Beach & Sun Culture Family Fun

Activities

Bali's Processions

There you are sipping a coffee at a cafe in, say, Kuta or Ubud, when there's a crash of the gamelan and traffic screeches to a halt as a crowd of elegantly dressed people comes flying by bearing pyramids of fruit, tasselled parasols and a furred, masked Barong (mythical lion-dog creature) or two.

Diving

Legendary Pulau Menjangan thrills, one tank after another. It offers multiple types of diving around a protected island renowned for its coral walls. And that's just one of Bali's great dive sites.

Canggu's beaches

Canggu is more of an idea and really less of a distinct place, given that the area was all rice fields just a few years ago. But now it's a label that denotes sandy fun and frolic on beaches such as Batu Bolong, pounding surf offshore and nights you hope will never end at a fast-expanding collection of creative cafes.

Surfing Bali

If it's a month containing the letter 'r', go east; during other months, go west to fabled breaks like Padang Padang. Simplicity itself. On Bali you have dozens of great breaks in each direction. This was the first place in Asia where surfing took off and, like the perfect set, it shows no signs of calming down.

Bali's food

It shouldn't surprise that this fertile island provides a profusion of ingredients that combine to create fresh and aromatic dishes. Local specialities such as babi guling (roast suckling pig that's been marinated for hours in spices) will have you lining up again and again. Try lunch at one of the excellent Balinese cafes in Denpasar.

Snorkelling

Bali has oodles of places where you can slip on fins and a mask and enter another beautiful world. Swim a short distance from shore and see the eerie ghost of a sunken freighter at Tulamben or hover a few metres over the marine life around the beautiful reef wall at Pulau Menjangan.

Tips

Dress modestly before entering a temple in Bali. Temple guests are expected to wear shirts that cover shoulders and part of the upper arms. The waist and legs should be covered by a temple scarf (known as a selendang) and a sarong (known locally as kain kamben) respectively.

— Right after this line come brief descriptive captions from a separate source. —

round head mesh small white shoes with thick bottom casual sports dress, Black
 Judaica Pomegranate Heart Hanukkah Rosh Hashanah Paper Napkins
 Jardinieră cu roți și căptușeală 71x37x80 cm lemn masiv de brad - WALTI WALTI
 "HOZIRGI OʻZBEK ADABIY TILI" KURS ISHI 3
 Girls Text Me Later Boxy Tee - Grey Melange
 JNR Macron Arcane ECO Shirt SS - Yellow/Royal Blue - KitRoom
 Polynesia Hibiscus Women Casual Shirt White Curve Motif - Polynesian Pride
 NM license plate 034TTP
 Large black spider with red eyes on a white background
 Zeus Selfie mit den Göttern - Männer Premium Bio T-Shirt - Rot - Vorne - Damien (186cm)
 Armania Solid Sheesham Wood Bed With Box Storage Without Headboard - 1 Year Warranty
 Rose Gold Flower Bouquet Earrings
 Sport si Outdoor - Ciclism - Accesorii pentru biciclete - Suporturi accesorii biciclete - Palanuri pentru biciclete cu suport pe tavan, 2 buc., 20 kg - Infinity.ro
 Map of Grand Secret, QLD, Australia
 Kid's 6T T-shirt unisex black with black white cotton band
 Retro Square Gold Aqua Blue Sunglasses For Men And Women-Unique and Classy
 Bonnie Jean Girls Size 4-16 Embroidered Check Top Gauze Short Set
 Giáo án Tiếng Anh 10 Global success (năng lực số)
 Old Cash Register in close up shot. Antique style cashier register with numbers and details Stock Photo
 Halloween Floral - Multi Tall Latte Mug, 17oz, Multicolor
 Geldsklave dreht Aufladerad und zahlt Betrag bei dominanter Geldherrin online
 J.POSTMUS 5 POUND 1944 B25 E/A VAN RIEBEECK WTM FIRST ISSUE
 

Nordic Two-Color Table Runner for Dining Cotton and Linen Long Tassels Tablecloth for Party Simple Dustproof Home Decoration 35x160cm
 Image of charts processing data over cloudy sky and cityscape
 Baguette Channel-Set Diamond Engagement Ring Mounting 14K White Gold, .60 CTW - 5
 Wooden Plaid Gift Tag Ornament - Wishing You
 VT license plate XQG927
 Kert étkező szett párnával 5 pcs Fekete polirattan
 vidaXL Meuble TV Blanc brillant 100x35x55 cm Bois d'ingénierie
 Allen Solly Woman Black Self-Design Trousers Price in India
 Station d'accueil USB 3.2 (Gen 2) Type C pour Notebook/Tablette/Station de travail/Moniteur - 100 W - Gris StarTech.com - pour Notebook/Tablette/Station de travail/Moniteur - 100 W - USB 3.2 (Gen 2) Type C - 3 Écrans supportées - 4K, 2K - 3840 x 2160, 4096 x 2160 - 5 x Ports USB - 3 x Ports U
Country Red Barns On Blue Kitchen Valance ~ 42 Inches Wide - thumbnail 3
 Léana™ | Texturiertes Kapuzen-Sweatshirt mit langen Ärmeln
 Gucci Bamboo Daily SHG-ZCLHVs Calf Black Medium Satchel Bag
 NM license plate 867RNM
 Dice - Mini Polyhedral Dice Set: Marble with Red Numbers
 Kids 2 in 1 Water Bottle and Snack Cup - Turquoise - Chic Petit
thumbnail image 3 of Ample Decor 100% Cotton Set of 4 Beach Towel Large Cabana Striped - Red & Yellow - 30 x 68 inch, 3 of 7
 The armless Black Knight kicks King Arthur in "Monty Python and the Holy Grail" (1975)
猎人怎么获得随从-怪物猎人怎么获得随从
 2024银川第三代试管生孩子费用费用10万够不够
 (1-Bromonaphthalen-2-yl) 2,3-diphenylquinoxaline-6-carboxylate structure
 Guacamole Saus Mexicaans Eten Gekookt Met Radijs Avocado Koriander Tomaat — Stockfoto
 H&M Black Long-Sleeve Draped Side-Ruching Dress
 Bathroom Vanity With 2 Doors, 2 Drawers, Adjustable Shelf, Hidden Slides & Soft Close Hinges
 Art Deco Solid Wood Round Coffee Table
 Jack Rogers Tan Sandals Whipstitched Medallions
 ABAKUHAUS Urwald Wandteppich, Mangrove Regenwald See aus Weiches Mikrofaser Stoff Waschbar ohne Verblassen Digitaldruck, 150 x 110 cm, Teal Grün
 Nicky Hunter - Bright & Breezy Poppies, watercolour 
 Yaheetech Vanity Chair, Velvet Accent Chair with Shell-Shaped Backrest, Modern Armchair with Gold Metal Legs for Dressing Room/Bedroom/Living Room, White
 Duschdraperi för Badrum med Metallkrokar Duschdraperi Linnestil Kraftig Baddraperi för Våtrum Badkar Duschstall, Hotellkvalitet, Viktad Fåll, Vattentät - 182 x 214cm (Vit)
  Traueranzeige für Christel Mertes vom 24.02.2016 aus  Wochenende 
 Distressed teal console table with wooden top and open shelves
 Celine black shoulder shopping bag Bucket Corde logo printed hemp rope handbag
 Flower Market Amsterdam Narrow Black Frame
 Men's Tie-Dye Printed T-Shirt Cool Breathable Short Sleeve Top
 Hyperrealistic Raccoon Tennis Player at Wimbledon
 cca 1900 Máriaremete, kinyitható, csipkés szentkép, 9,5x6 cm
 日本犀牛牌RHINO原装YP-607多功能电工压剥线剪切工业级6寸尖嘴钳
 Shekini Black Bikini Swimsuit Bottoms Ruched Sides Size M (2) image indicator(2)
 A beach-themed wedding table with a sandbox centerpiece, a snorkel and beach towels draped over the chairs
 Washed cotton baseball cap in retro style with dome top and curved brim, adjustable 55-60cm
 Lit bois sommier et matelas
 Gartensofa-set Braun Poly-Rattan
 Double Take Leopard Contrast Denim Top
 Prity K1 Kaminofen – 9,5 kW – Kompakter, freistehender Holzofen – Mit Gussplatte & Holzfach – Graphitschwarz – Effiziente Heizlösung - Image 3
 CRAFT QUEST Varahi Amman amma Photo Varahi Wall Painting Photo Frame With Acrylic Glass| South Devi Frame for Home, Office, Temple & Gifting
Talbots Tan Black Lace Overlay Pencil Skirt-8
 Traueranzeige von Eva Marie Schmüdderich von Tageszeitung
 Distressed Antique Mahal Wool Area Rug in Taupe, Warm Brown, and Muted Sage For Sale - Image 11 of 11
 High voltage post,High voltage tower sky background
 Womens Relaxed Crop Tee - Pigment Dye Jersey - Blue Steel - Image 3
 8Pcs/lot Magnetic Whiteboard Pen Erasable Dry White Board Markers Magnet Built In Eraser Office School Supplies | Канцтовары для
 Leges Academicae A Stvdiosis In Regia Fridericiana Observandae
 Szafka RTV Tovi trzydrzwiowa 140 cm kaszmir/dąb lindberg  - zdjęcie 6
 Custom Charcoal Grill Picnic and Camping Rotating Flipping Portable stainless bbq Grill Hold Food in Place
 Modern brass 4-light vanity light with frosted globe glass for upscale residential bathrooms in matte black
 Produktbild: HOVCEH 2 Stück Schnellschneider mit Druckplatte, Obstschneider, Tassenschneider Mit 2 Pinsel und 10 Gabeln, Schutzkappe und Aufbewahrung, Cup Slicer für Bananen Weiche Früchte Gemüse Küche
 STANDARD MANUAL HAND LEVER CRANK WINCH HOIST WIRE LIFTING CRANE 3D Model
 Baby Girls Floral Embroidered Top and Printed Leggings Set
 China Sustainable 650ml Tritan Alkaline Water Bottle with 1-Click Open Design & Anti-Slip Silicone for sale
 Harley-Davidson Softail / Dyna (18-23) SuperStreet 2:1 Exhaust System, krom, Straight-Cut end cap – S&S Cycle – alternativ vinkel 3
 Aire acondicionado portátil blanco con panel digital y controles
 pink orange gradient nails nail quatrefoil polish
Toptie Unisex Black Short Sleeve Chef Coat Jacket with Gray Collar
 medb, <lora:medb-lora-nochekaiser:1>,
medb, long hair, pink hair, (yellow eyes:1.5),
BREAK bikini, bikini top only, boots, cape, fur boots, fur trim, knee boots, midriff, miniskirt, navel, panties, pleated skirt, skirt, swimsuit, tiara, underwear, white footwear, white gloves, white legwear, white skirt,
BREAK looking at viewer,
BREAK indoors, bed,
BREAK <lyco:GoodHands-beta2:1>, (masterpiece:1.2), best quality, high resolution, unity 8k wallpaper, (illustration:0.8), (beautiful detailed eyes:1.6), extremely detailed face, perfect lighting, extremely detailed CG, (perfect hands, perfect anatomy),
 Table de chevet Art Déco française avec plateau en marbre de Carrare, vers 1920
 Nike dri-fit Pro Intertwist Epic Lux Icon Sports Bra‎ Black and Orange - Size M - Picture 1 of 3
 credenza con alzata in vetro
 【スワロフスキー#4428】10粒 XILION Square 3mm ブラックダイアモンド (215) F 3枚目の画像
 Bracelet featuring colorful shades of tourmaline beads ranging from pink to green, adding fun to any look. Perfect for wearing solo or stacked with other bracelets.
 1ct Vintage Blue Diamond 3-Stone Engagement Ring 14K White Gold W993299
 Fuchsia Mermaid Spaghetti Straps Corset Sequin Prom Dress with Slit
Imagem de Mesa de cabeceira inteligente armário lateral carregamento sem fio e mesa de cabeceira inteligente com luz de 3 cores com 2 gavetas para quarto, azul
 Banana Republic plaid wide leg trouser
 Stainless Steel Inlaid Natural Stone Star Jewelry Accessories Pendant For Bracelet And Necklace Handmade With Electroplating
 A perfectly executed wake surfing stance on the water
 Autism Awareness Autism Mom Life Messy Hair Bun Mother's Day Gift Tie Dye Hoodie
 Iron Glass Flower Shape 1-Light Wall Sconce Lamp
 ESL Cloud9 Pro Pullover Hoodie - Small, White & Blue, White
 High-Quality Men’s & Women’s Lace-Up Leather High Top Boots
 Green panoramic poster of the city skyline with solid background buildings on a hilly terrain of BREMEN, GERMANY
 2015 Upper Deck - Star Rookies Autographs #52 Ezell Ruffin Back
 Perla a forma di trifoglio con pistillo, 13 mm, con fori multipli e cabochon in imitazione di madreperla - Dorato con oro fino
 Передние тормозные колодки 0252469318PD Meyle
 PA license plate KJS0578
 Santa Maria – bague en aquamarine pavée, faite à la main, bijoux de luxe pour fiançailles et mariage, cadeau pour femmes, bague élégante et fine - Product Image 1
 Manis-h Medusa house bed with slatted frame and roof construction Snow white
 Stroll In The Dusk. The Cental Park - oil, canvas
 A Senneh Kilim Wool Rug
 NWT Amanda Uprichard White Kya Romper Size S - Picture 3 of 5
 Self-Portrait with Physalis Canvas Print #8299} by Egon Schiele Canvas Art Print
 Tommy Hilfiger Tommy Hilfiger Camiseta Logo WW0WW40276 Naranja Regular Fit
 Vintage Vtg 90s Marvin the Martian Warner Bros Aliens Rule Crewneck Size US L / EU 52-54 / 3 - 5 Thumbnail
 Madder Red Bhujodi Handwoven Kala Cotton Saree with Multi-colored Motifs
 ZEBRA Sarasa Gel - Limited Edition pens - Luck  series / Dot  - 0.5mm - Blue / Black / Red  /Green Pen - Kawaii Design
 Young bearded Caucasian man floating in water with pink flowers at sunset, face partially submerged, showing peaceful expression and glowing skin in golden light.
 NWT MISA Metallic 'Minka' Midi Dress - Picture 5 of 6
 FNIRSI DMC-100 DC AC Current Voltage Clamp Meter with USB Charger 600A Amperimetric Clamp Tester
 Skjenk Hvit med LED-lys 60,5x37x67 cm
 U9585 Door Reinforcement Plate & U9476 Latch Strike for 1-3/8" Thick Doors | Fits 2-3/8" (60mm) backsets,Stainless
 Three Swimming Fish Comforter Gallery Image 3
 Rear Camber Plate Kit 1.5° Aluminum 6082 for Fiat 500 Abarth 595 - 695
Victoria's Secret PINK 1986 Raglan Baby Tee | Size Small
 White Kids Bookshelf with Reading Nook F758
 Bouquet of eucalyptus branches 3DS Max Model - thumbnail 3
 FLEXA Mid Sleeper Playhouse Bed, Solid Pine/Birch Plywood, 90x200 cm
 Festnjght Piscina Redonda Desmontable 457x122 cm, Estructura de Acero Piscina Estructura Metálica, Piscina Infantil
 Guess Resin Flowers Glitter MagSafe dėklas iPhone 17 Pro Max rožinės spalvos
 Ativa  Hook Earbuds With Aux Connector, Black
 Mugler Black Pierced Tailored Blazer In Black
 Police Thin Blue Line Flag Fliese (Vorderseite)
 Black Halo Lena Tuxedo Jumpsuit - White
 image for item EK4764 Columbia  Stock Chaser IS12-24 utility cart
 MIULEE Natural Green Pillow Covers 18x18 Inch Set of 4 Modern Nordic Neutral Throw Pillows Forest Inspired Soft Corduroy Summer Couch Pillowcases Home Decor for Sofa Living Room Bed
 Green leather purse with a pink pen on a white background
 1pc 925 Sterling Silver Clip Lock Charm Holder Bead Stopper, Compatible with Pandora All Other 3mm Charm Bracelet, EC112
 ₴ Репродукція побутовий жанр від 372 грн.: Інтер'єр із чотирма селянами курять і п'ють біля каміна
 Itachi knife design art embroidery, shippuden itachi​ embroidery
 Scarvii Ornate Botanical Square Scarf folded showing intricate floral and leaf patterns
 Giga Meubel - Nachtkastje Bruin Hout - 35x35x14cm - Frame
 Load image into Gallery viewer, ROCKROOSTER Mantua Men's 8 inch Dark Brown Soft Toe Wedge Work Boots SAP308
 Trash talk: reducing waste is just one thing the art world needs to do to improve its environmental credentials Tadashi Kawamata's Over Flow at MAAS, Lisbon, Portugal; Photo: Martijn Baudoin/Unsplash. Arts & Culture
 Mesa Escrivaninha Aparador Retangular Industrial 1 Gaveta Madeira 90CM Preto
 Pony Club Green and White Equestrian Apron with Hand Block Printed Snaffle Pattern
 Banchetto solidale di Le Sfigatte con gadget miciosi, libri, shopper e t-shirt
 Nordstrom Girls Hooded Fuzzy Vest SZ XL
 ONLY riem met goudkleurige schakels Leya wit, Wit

Don’t smoke in public areas. A “smoke-free” bylaw went into effect across Bali in 2011; smoking is now forbidden in most public areas, including restaurants, hotels, temples, and tourist attractions.

Trust only money changers that have been recognized by Bank Indonesia; these establishments advertise their status as Pedagang Valuta Asing Berizin or PVA Berizin (Indonesian for "Authorized Money Changer") with a green PVA Berizin shield where customers can see it.

The most honest ​taxis in Bali are the blue taxis marked "Bali Taxi" (known as Blue Bird Taxis); everybody else is hit or miss.

Drink a lot of water to avoid getting heatstroke. Just don’t get your water from the tap. Bali tap water is often blamed for many a bad case of “Bali belly,” so avoid it entirely. Stick to canned drinks or bottled water.